Aujourd’hui, et par rapport à la conjoncture actuelle, il demeure de première importance qu’on ait des programmes plus flexibles et étalés sur une plus longue période.
Je crois, aussi, que les conditionnalités des Institutions de Bretton Woods doivent être conçues dans une logique conséquentielle entre conjoncture et conduite des réformes. C’est véritablement important dans la mesure où nos pays sortent juste d’une crise sanitaire, qu’ils se retrouvent à faire face à une situation d’incertitudes qui pourraient durer.

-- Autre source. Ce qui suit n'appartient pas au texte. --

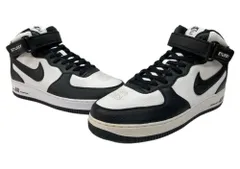 ナイキ NIKE 21年製 × STUSSY ステューシー AIR FORCE 1 07 MID SP エア フォース ミッド AF1 シューズ 白 黒 DJ7840-002 メンズ靴 スニーカー ホワイト 29cm 104S-1043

Fondamentalement, je pense que les pays africains se doivent d’être davantage aidés, notamment dans les programmes relatifs à la transition énergétique. Je crois que c’est une démarche très importante, puisqu’actuellement, nous travaillons sur les «greens finances» et que nous avons besoin d’investir davantage dans les énergies renouvelables. Pour ma part, la situation actuelle nous a véritablement montré qu’il importe d’augmenter fortement ces d’investissements.
A cet égard, l’initiative du FMI de créer un Fonds pour aider les pays à renforcer leur résilience et leur viabilité est fort louable. Toutefois, les fonds mobilisés risquent d’être en-deçà des attentes, notamment à cause des limites d’accès par pays. Le FMI pourrait sûrement réfléchir davantage sur ce point et remédier à cette situation.
A mon avis, un certain nombre d’actions peuvent être entreprises. A titre d’exemple, une meilleure et plus large mobilisation des DTS alloués aux pays qui en ont le plus besoin est essentielle. On a discuté ce point et le FMI en est convaincu. Il faudrait, donc, trouver ensemble les moyens de le faire. A cet effet, une plus grande ingéniosité dans le “rechanneling” des DTS est nécessaire.
Nous pensons, par ailleurs, qu’un plus grand engagement du FMI sur des programmes de long terme aidera nos pays à faire face aux pressions de plus long terme sur leurs balances des paiements.
Une décision du FMI dans le sens de prolonger son soutien aux pays membres en difficulté afin de les aider à surmonter cette crise est fortement souhaitable.
Afin de limiter les répercussions de la situation actuelle sur les entreprises et les ménages, les autorités auraient besoin d’activer certaines mesures, en conjointe collaboration avec les IFI. De notre part, nous pays africains : une meilleure intégration régionale est importante. Nous nous devons aussi de coordonner ensemble pour apporter une réponse collective, régionale et continentale, soit-elle.
Pour les pays qui négocient, actuellement, avec le FMI, il faudrait accélérer le processus tout en intégrant la conjoncture particulière dans les négociations avec les Bailleurs de fonds. S’il est nécessaire d’évaluer les retombées de ce facteur exogène sur les différents secteurs ou agrégats macroéconomiques et financiers, ceci ne doit pas constituer un élément retardant les négociations.
Pour combler l’impact de la flambée des prix internationaux de produits de base ; alimentaires et énergétiques ; sur les finances publiques et sur les réserves de change des pays, il faudrait, également, prévoir des mécanismes spécifiques sous forme d’appui budgétaire et aide à la balance des paiements.
Enfin, il importe de faciliter davantage les conditions d’octroi de crédits par les institutions financières internationales au pays qui peuvent basculer dans beaucoup plus de vulnérabilité et de pauvreté. Cette question est fondamentale pour préparer la prochaine phase plus sereinement.